*** Opening of Record set ***
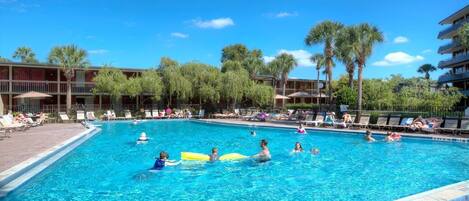 A swimming pool surrounded by lounge chairs and palm trees, with a building in the background.
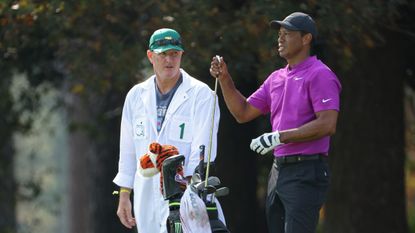 Tiger Woods and caddie deliberate shot at the Masters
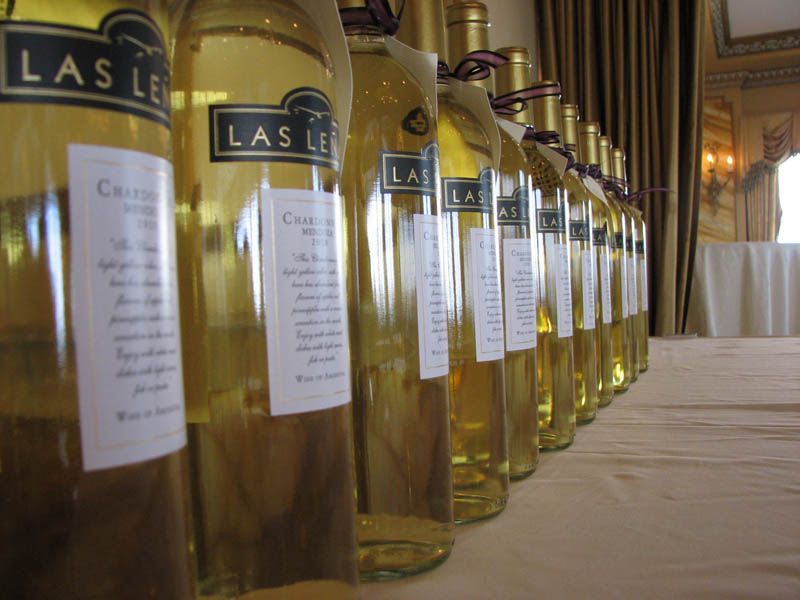 Row of wine bottles with golden liquid on a table, partially visible labels, indoor setting.
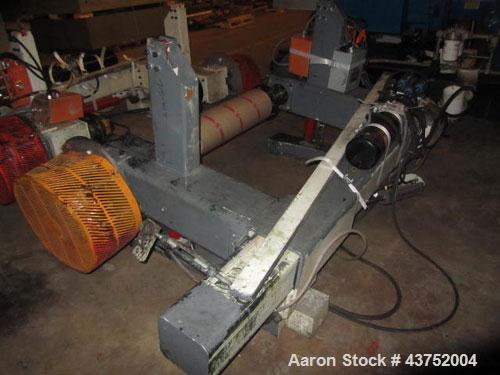 Used 48" Unwind Stand. Shaftless design, rated at 60" OD. With dual Montalvo brakes and a 2 hp hydraulic package for lateral adjustment. Currently set up for 8" chucks.
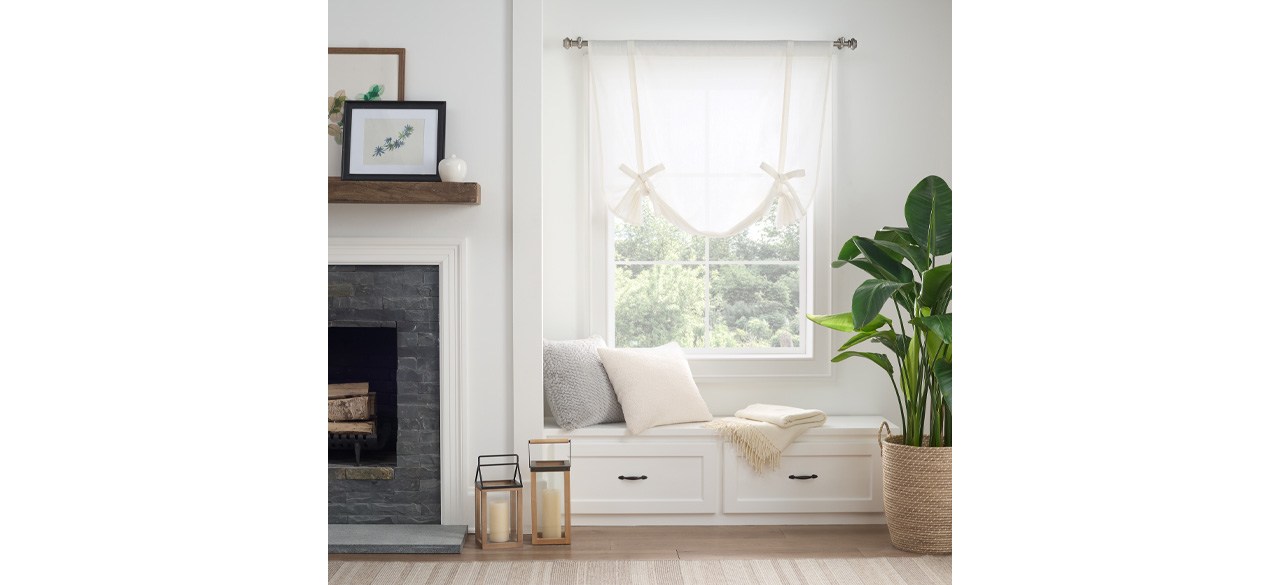 Live Comfortably Mercantile Drop Cloth Tie-Up Shade in sheer white, hanging up in a living room window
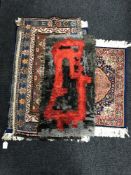 A hearth rug together with a blue silk finished prayer rug and two fringed woollen rugs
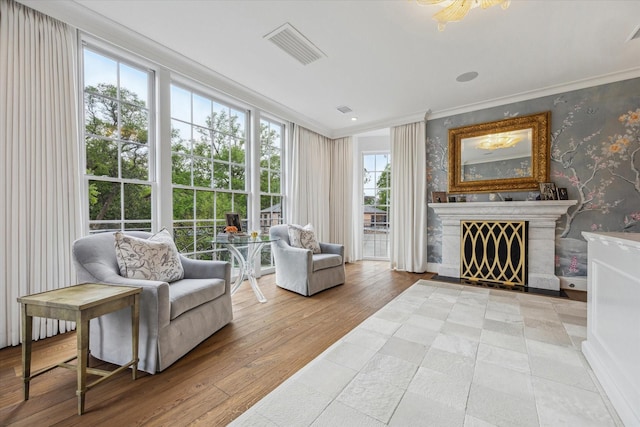 interior space featuring visible vents, wallpapered walls, wood-type flooring, ornamental molding, and a tiled fireplace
*** Close of Record set ***
_What the exercise asks:_ Repeat the material above verbatim. Leave the pictures behind.

_Response to this exercise:_
 A swimming pool surrounded by lounge chairs and palm trees, with a building in the background.
 Tiger Woods and caddie deliberate shot at the Masters
 Row of wine bottles with golden liquid on a table, partially visible labels, indoor setting.
 Used 48" Unwind Stand. Shaftless design, rated at 60" OD. With dual Montalvo brakes and a 2 hp hydraulic package for lateral adjustment. Currently set up for 8" chucks.
 Live Comfortably Mercantile Drop Cloth Tie-Up Shade in sheer white, hanging up in a living room window
 A hearth rug together with a blue silk finished prayer rug and two fringed woollen rugs
 interior space featuring visible vents, wallpapered walls, wood-type flooring, ornamental molding, and a tiled fireplace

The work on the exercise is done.